Мюррей Ротбард - Этика свободы
Но эта доктрина едва ли научна и, конечно же, не свободна от ценностей. К примеру, почему «максимального числа»? Почему считается более этичным следовать пожеланиям большинства против пожеланий меньшинства? Чего такого хорошего в «максимальном числе»? [3] Представим себе, что большинство в обществе ненавидит рыжеволосых и весьма желает их всех убить. И представьте, что рыжеволосых на данный момент очень мало. Должны ли мы сказать, что «хорошо» для подавляющего большинства будет убить всех рыжеволосых? И если нет, то почему нет? Таким образом, утилитаризм, как минимум, не может назвать причину для свободы и политики laissez-faire. Как с сарказмом утверждает Феликс Адлер, утилитаристы
«считают достижение наибольшего счастья большинством социальной целью, хотя и затрудняются объяснить, почему счастье большинства должно считаться обоснованной целью для тех, кто принадлежит к меньшинству». [4]
Во-вторых, каково обоснование того, что каждый индивид считается за единицу? Почему не применяется какая-либо другая система весов? Это также является недоказанным и, следовательно, ненаучным утверждением сторонников утилитаризма.

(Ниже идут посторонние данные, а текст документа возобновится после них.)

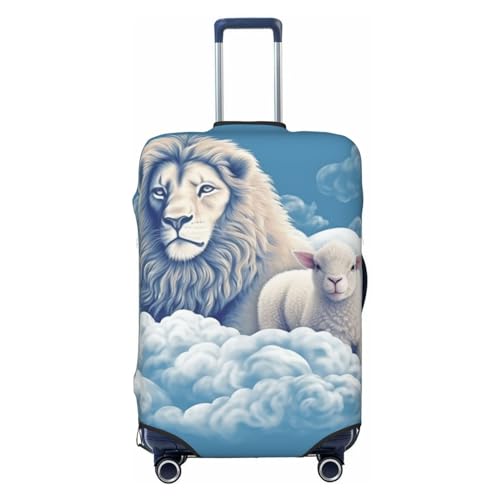 Housse valise extensible pour grands voyages motif agneau lion noir XL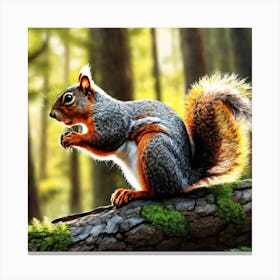 Squirrel In The Forest 88 Canvas Print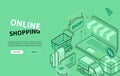 Online shopping - line design style isometric web banner Royalty Free Stock Photo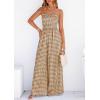 imagePRETTYGARDEN One Piece Jumpsuits for Women 2026 Summer Sleeveless Smocked Gingham Wide Leg Date Night Rompers Spring OutfitsBrown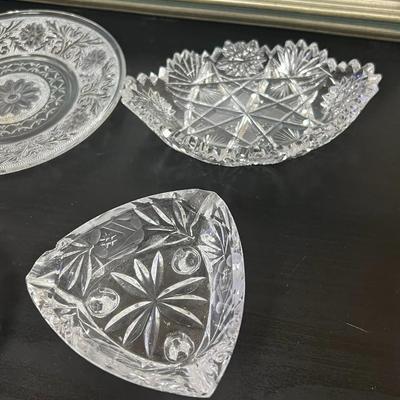 Crystal Plates and ashtrays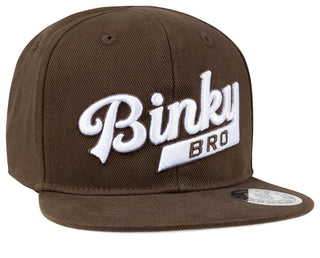 BinkyBro Kids Palm Brown Hat
Brown cap with 'Binky Bro' logo on a white background
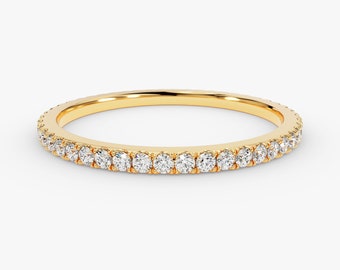 Moissanite Eternity Wedding Band, Lab Grown Diamond Full Eternity Ring, Anniversary Gift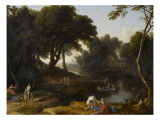 Paysage aux baigneuses reproduction procédé giclée par Laurent de La Hyre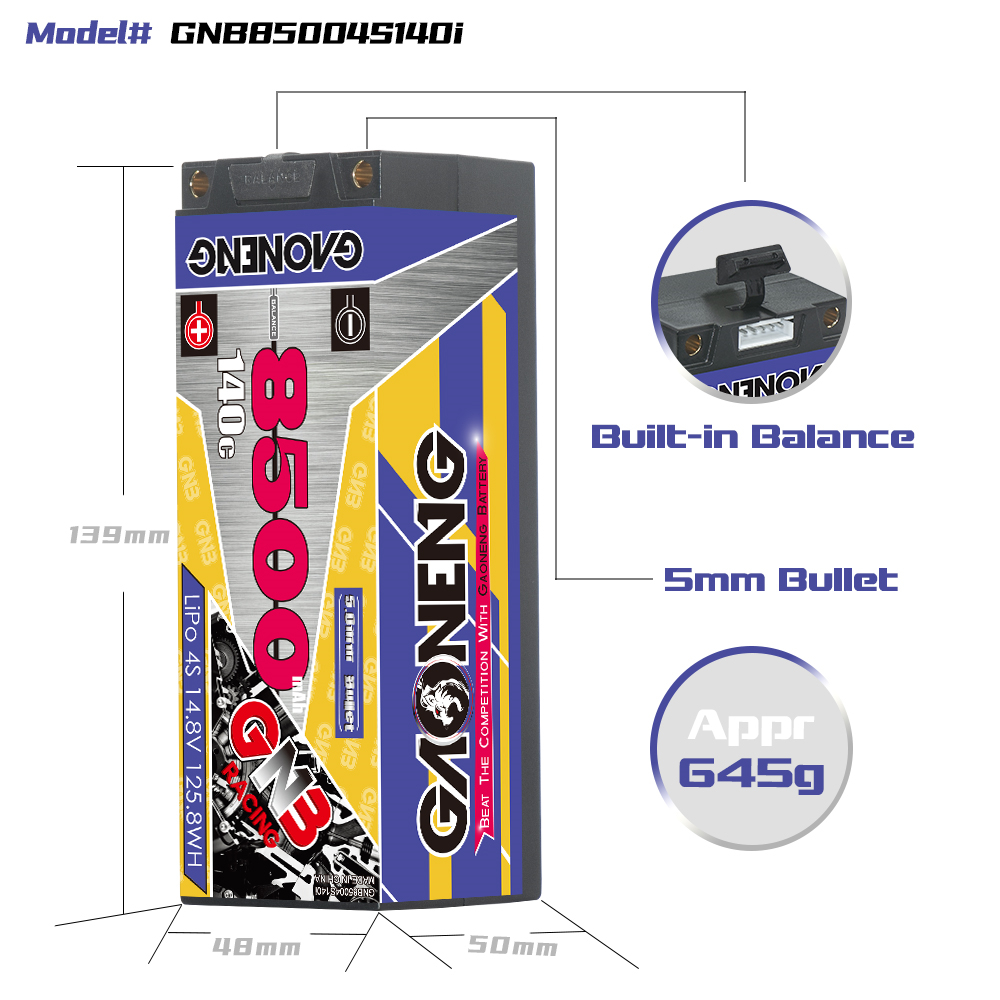 GAONENG GNB 4S 14.8V 8500mAh 140C 5mm Bullet Hard Case LiPo Battery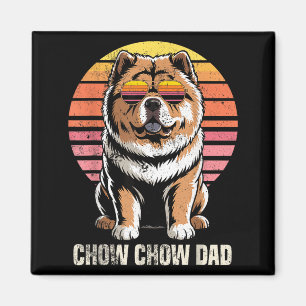 Cool Retro Chow Chow Dad Funny Vintage Dog Owner Magnet
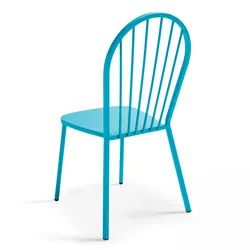 Oviala Business Garten-Bistrostuhl aus blauem Metall - Oviala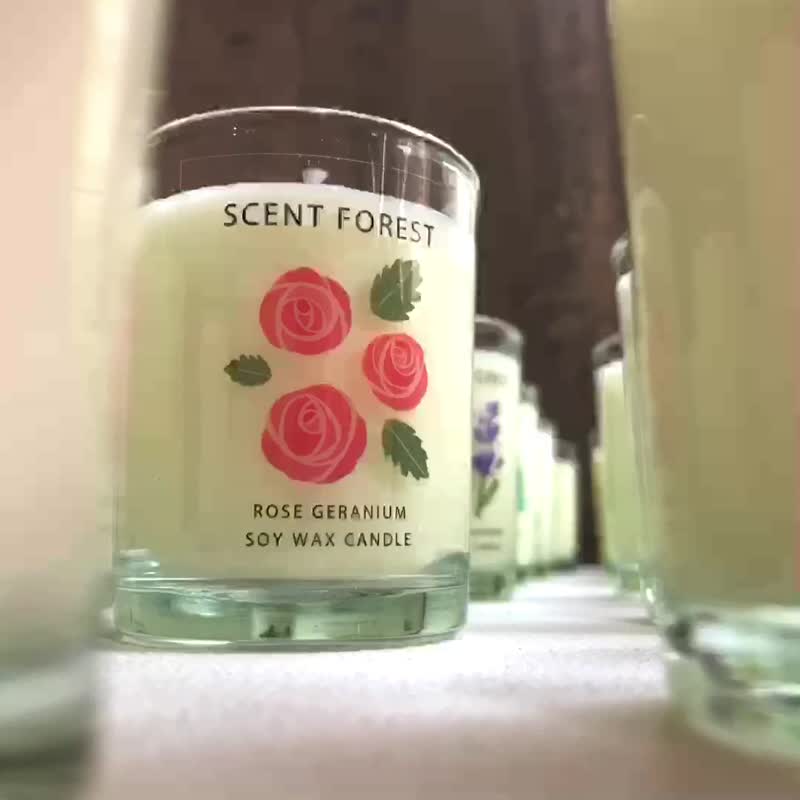 Essential Oil Scented Soy Candle: Rose Geranium - Candles & Candle Holders - Glass Pink
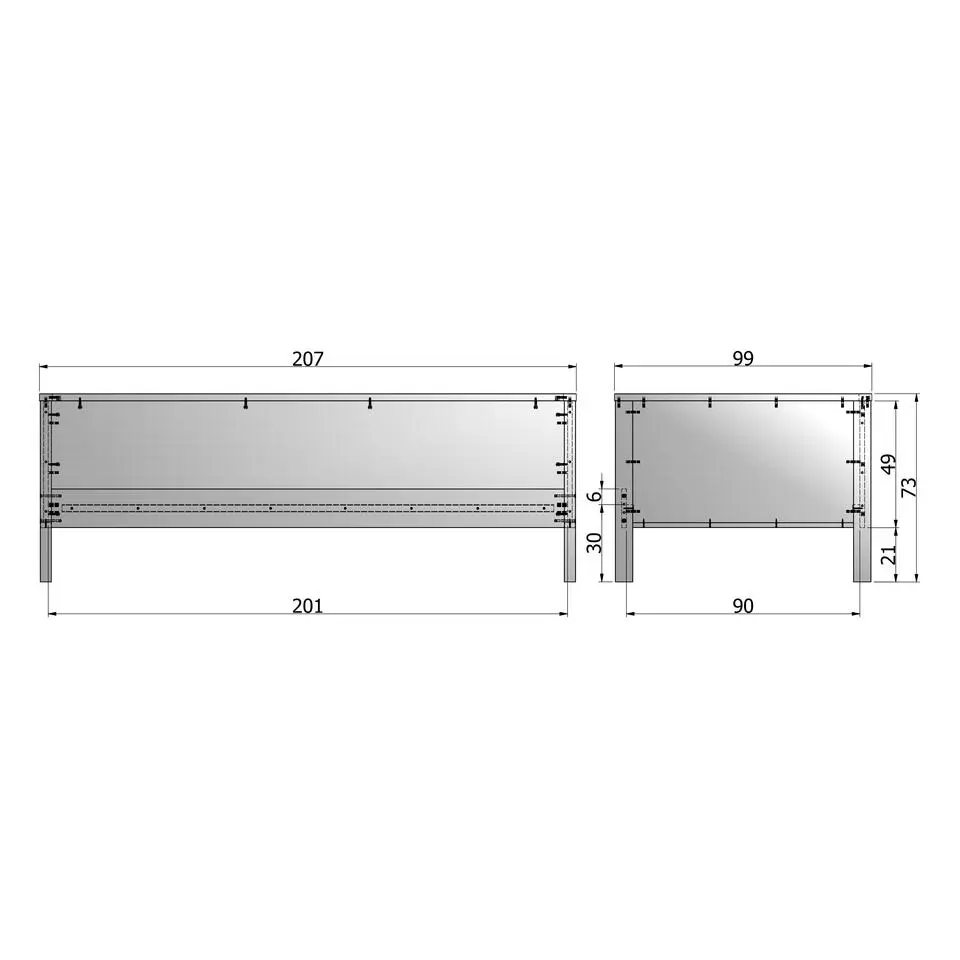 WOOOD Nikki Bedbank Excl Lade - Grenen - Jadegroen - 73x208x100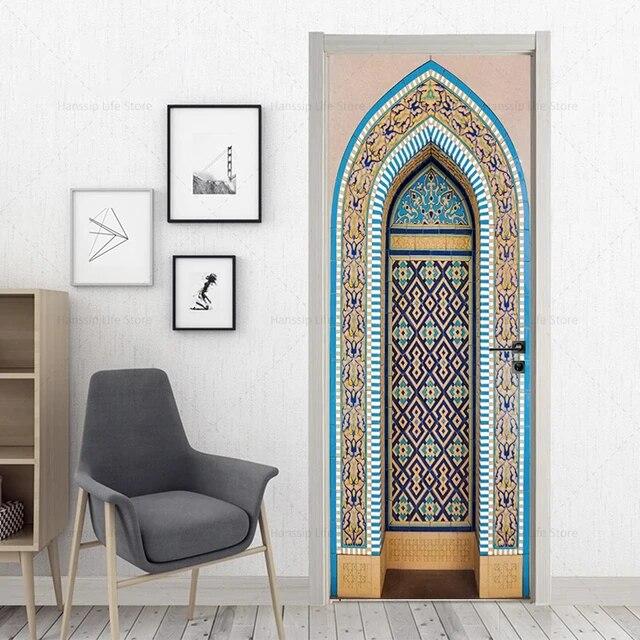 3D Geometric Door Sticker Self-adhseive Vinyl Full Door Wrap Cover Stickers Modern Abstract Geometry Wall Art Mural Decorations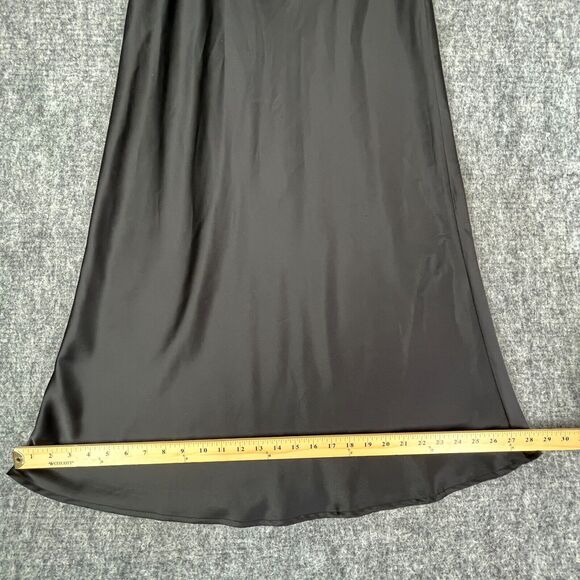 Aaron & Amber Skirt Women's M Fit & Flare Black Silky Fabric Elastic Waist - Picture 9 of 11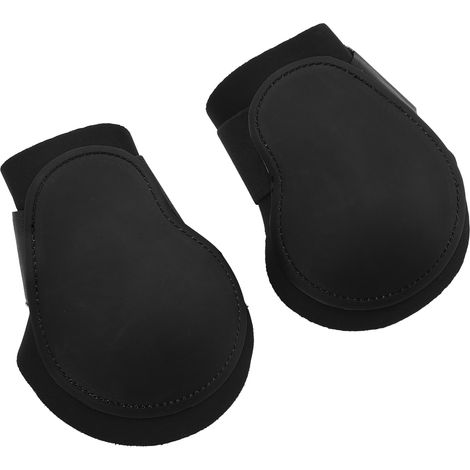 Lot de 2 guêtres pour chevaux, coque en PU, élastiques et absorbant les chocs, protection des membres postérieurs, noires, taille XL. (1/5)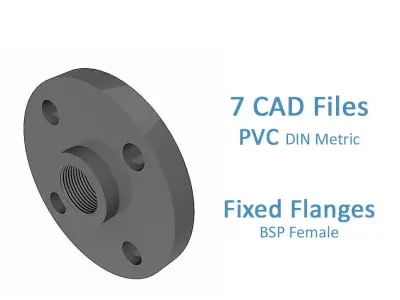 PVC Fixed Flanges - BSP Female Connection Free 3D model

В-третьих, почему «хорошее» - это только удовлетворение субъективных эмоциональных желаний каждого человека? Почему бы не ввести некие объективные показатели этих желаний? Действительно, утилитаризм имплицитно подразумевает, что данные субъективные желания – это абсолютные потребности, которые социальный технолог обязан пытаться удовлетворять. Но опыт, очевидно, показывает, что индивидуальные желания не абсолютны и не стабильны. Они не закрыты от внешней аргументации, рациональной или нет; собственный опыт и другие индивиды могут переубедить и переубеждают людей изменить их ценности. Как такое могло бы происходить, если бы индивидуальные желания были чистой данностью и не могли меняться под влиянием других людей? Но если мы признаем, что индивидуальные ценности не абсолютны и могут меняться под влиянием моральных аргументов, тогда получится, что существуют межчеловеческие моральные принципы, которые можно доказать и которые влияют на других людей.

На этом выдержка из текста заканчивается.